Despite this success, many challenges remain and the first is obvious -- the cure rate isn't 100%. And, until it is we must work toward this goal. A second goal is to develop treatments with fewer side effects. To achieve these goals we must discover the root causes of childhood leukemia. In this regard, the future is bright. We are beginning to unravel the events that cause a single cell to become cancerous. These results can be attributed to significant advances in basic research, especially in the area of genetics. When we talk about cancer genetics we mean two different things. The first, which is readily understood, means inheriting a high risk of cancer from one's parents. This is only a small minority of all cancer cases and is very rarely the cause of childhood cancer. The second meaning of genetic is that the cancer cell has acquired damage to its genes, while the rest of the body's cells have a perfectly normal genetic make-up.

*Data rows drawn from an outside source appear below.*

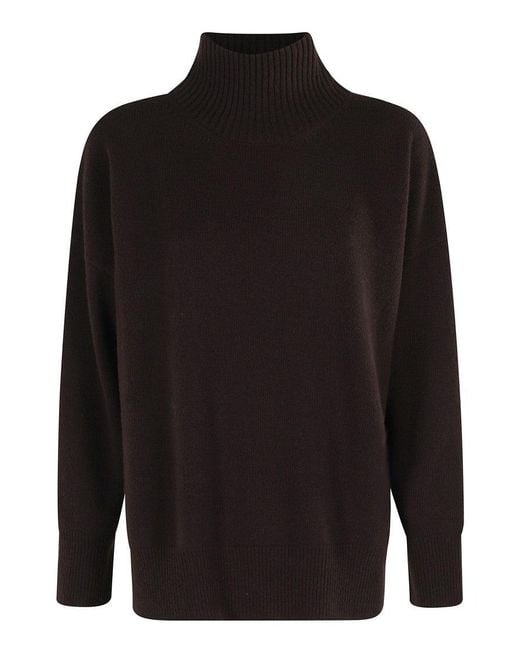 Roberto Collina Black High-Collared Sweater With Side Slits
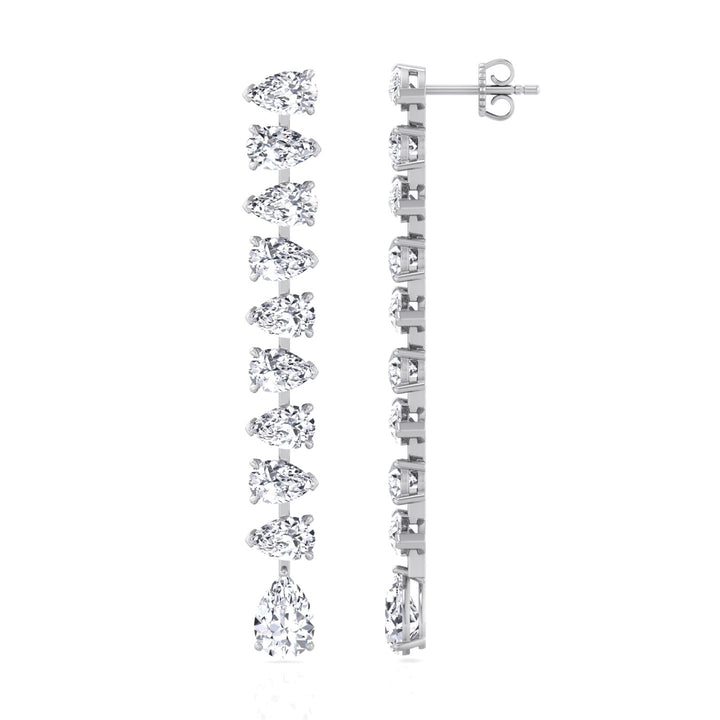 Pear Shape Tennis Drop Earrings Lab Grown Diamond lifestyle WG 5
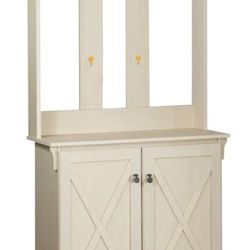 Saint Birch Hawksbury 2-Door Farmhouse Wood Hall Tree & Cabinet Antique  White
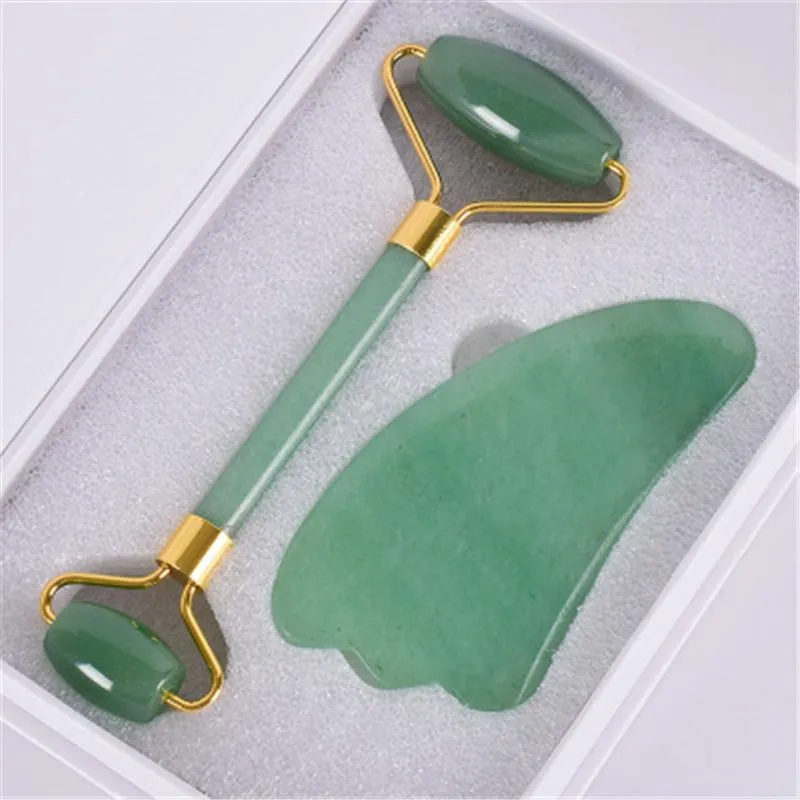 Natural Pink Crystal Jade Roller Double Head Rose Kwarc Masaż Roller Real Stone Facial Massager Guasha Tool zestaw z pudełkiem K1009-1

In the case of ALL, we know that a single normal cell, destined to become a normal white blood cell called a lymphocyte, develops a mistake in the genetic code. In the case of leukemia, this is a swap of genetic material between two chromosomes and is called a translocation. These translocations occur in genes that control growth under normal circumstances. When such growth-promoting genes are damaged, the cell will continue to grow even when the body is trying to send a message to tell it to stop growing. Through the development of powerful techniques we now know the location of many of these defects and researchers at many centers are working to unravel the complexity of the cancer cell to understand specifically changes that allows the cancer to grow.
Perhaps the most difficult questions for a physician to answer are, "Doctor, why did my child get leukemia? And, was there anything I could have done to prevent it"? The answer to the second is a resounding "no." The answer to "why" is that we don't yet know the fundamental cause of ALL.
When clusters, or dramatic increases in cancer cases in small geographic areas, occur, we always revisit the issue of whether a cancer-causing agent from the environment or an infection resulted in the increased number of cases. Unfortunately, this approach has not identified any causes for ALL. But it is possible that we are missing subtle relationships if an environmental or infectious cause is present but only affects individuals with a certain genetic makeup and not all members of the population.
The recent sequencing of the human genome provides us with unprecedented opportunities to understand cancer and to use that knowledge to develop new treatment and prevention. The major focus of the Huntsman Cancer Institute (HCI) is to understand this genetic blueprint of cancer. Using a new technology called "DNA chips" investigators in our childhood cancer program have uncovered genetic pathways that are active in cancer cells but not normal blood cells. Using this information it may be possible to develop drugs that could interfere with these active pathways. Since these changes are limited to the cancer, new drugs targeted to these pathways might avoid the side effects seen with conventional drugs.
We also now know that certain pathways are unique to groups of patients that have a greater risk of relapse after treatment. It may be possible to use the genetic "fingerprint" of the leukemia someday to "tailor" therapy so that patients with a high likelihood of cure can be treated without exposing them to unnecessary more toxic therapy, while patients with high risk disease can be more effectively treated before the leukemia comes back. This approach is still experimental and leukemia samples from children treated at children's hospitals throughout the United States will be sent to us to test further this genetic approach to classifying leukemia. We believe that the same approach could be applied to studies of clusters of ALL to try to understand why they occur. For example, is there a specific genetic pathway damaged in children from Fallon who have ALL. If so, this would suggest that an infection or environmental agent initiated a common form of damage.
The Children's Oncology Group, a consortium of all major children's hospitals in North America, is embarking on a massive effort to identify a subset of patients who might be especially vulnerable to environmental risks because of inherent susceptibility to damage from chemicals. This effort will use the approach I've described and will be led by Dr. Bill Carroll, the deputy director of the Huntsman Cancer Institute.
Although these projects are just underway, progress is being achieved at a remarkable rate. By combining sophisticated genetic analysis of patients and their tumors with the best treatments available, we hope to reach that goal of uniform cancer cure and ultimately, prevention.